* **ASSIGNMENT**
Transcribe every line below exactly; no image goes into the output.

(Beginning of DATASET EXCERPT)

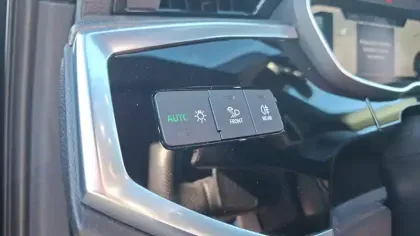 Photo 39 Audi Q3  Sportback 35 TDI 150 ch S tronic 7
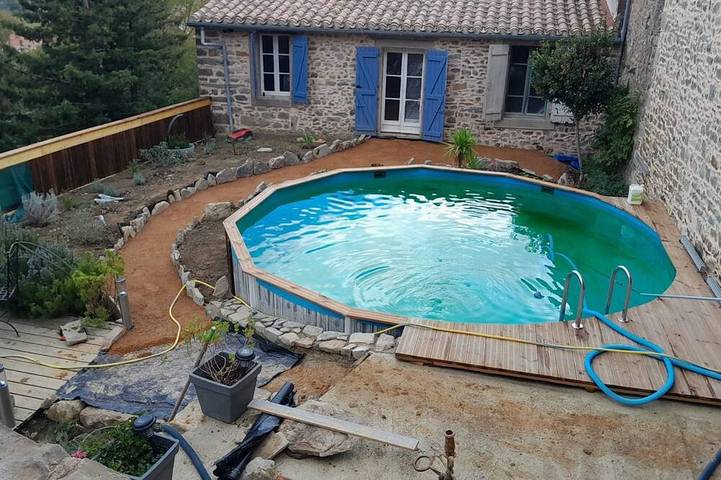 Gîte pour 6 personnes, avec piscine à Arquettes-en-Val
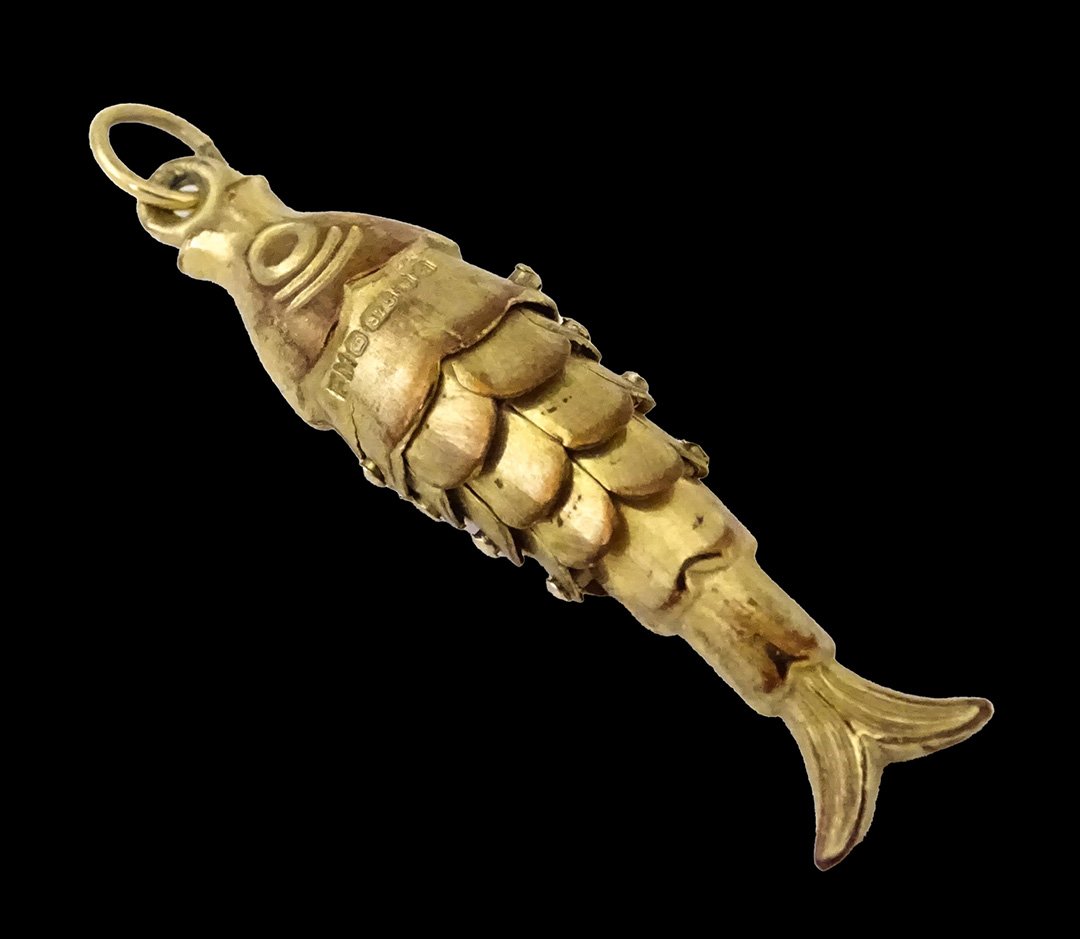 Victorian 9K Gold Articulated Fish Pendant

(End of DATASET EXCERPT)

* **TASK SOLUTION**
 Photo 39 Audi Q3  Sportback 35 TDI 150 ch S tronic 7
 Gîte pour 6 personnes, avec piscine à Arquettes-en-Val
 Victorian 9K Gold Articulated Fish Pendant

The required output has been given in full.